DATASET EXCERPT: Begin
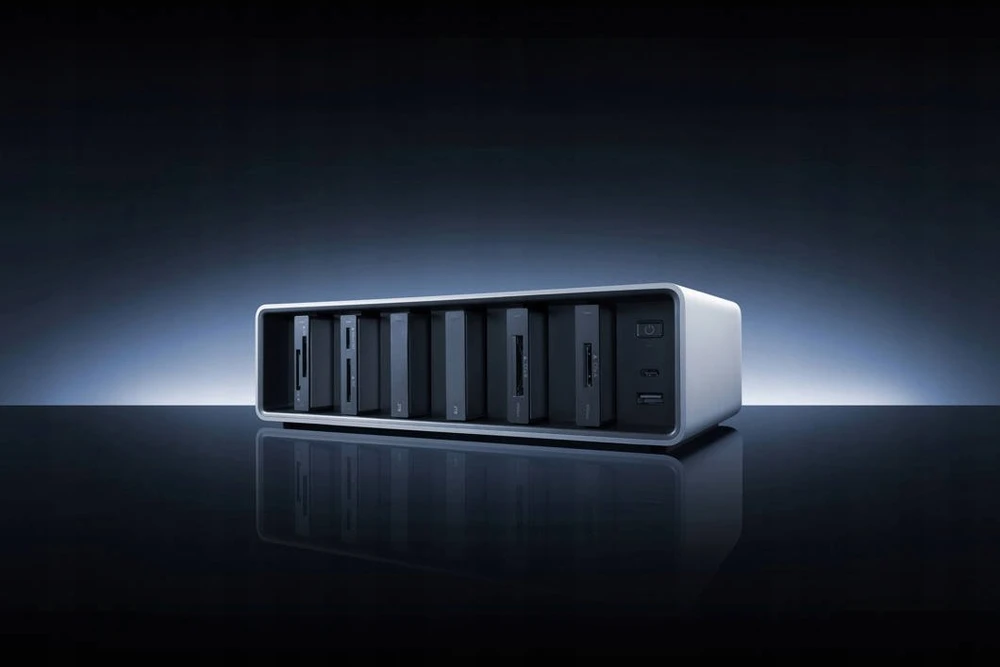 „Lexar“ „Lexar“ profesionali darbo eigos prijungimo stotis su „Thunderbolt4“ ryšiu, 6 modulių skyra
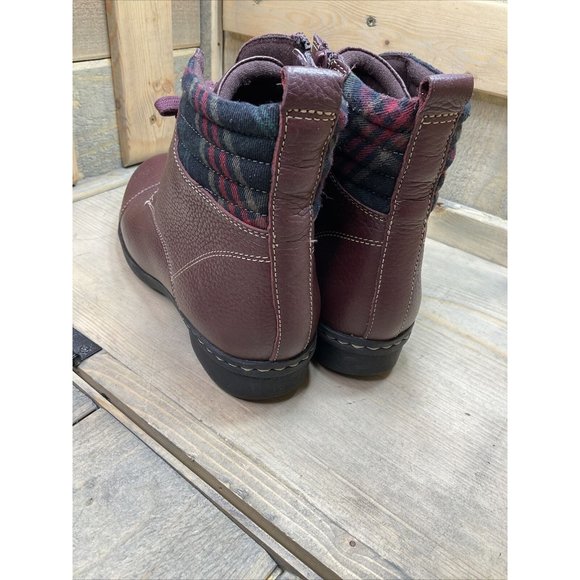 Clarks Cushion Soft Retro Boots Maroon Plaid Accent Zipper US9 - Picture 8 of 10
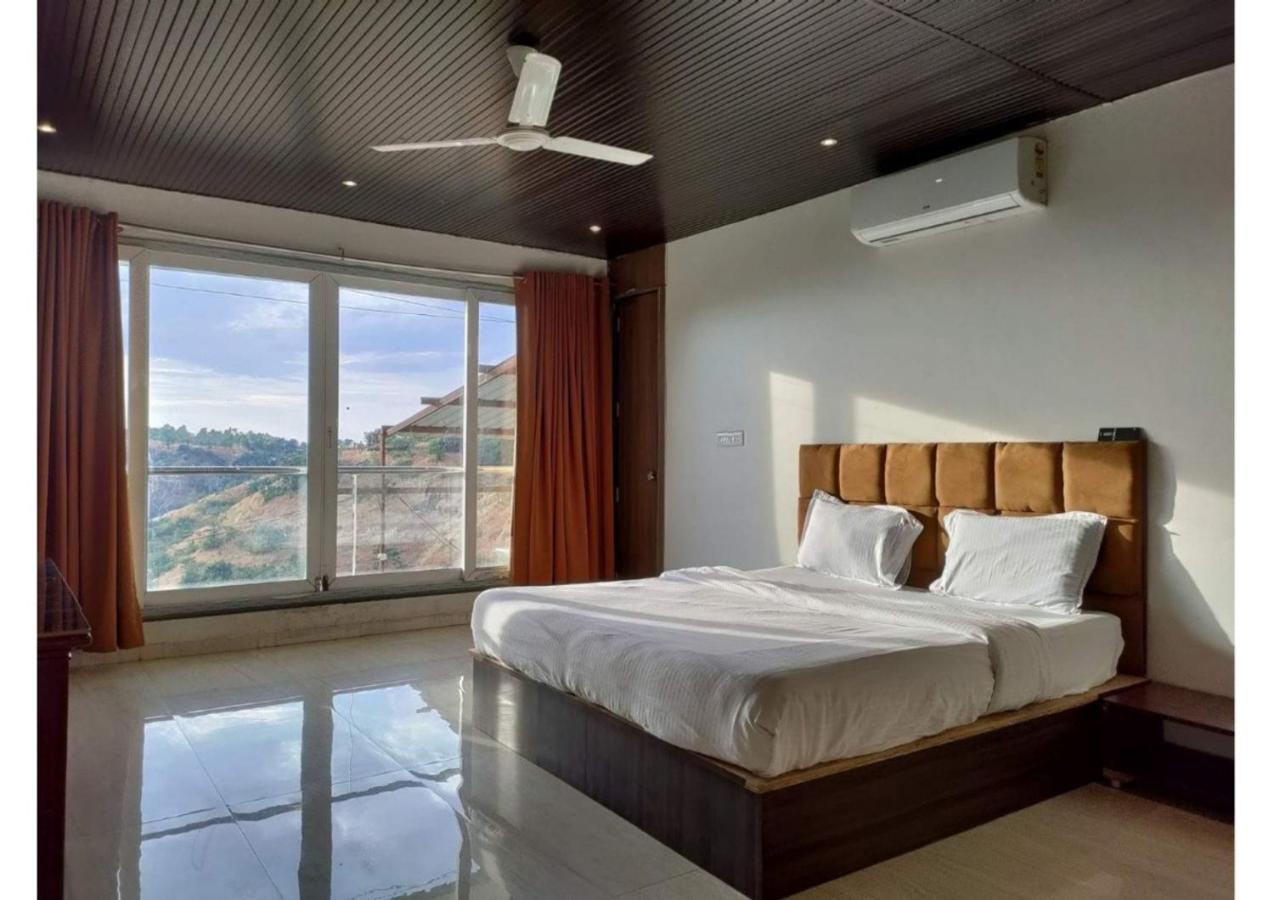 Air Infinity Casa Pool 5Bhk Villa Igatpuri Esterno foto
DATASET EXCERPT: End
* TASK TO CARRY OUT
Reproduce each line above exactly, but not a single picture.

* YOUR SOLUTION
 „Lexar“ „Lexar“ profesionali darbo eigos prijungimo stotis su „Thunderbolt4“ ryšiu, 6 modulių skyra
 Clarks Cushion Soft Retro Boots Maroon Plaid Accent Zipper US9 - Picture 8 of 10
 Air Infinity Casa Pool 5Bhk Villa Igatpuri Esterno foto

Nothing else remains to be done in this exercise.